WD SN850 delivers the best performing SSD we've tested

vlovich123 · on Nov 9, 2020

> importantly, for all SSDs, disable write-cache buffer flushing for best performance.

Is this actually good advice, especially without mentioning the durability risks?

pizza234 · on Nov 9, 2020

StackOverflow answer here: https://superuser.com/a/1215634

It's essentially the typical "without this enabled, you will lose data in case of power loss, potentially breaking the O/S".

wtallis · on Nov 9, 2020

One important point that the StackOverflow answers miss is that the Windows checkbox for buffer flushing has a different meaning for SATA SSDs than for NVMe SSDs. If you want a reasonably fair synthetic benchmark to compare NVMe SSDs against SATA SSDs while bypassing any caching the OS is doing with main system RAM, you pretty much have to toggle that switch for at least NVMe drives. Or use Linux, which has actual documentation for its NVMe driver, and the source code is available where that falls short.

gruez · on Nov 10, 2020

>One important point that the StackOverflow answers miss is that the Windows checkbox for buffer flushing has a different meaning for SATA SSDs than for NVMe SSDs.

can you elaborate on this?

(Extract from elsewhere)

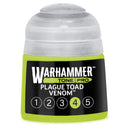 Warhammer Tone Pro Paint: Plague Toad Venom 4 [12ml] (PRESALE 10/24)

What's the exact difference? Do sata drives get more aggressive buffer flushing than nvme drives?

wtallis · on Nov 10, 2020

The exact difference, as far as I'm aware, has never been publicly documented by Microsoft, and I have not attempted to properly and thoroughly reverse engineer that particular mess.

But the end result is that in the default state (buffer flushing enabled), most or all disk benchmarking tools show drastically lower write performance on consumer NVMe drives than should be expected compared to their theoretical advantage over SATA SSDs.

I'm not intimately familiar with the semantics of how flush/sync commands get generated and passed through the Windows IO stack. Empirically, when an application tries to issue a write that is not to be buffered by the OS, it appears that Windows translates that into NVMe commands that constrain or entirely prohibit the SSD from doing its own write buffering, but for SATA SSDs writes are still by default issued in a manner that permits the drive to buffer freely. Figuring out exactly what's happening without Microsoft's help might require bus analyzers I don't have. In effect, it seems that Windows is less willing to trust a NVMe SSD than a SATA SSD, and that doesn't strike me as justified.

I've also noticed that recent builds of Windows 10 have changed their behavior when running one of our old benchmarking tools that plays back IO traces. On current Windows 10, the OS outright rejects any attempt by the trace playback application to issue a flush command to a NVMe SSD, whether or not buffer flushing is enabled at the driver level. This is definitely a change from earlier builds of Windows 10, and I think it is a change that only affects NVMe drives, not SATA drives. (I'm not testing very many SATA drives these days, and have to design my testing procedures entirely around the needs of testing NVMe drives.)

gruez · on Nov 10, 2020

>But the end result is that in the default state (buffer flushing enabled), most or all disk benchmarking tools show drastically lower write performance on consumer NVMe drives than should be expected compared to their theoretical advantage over SATA SSDs.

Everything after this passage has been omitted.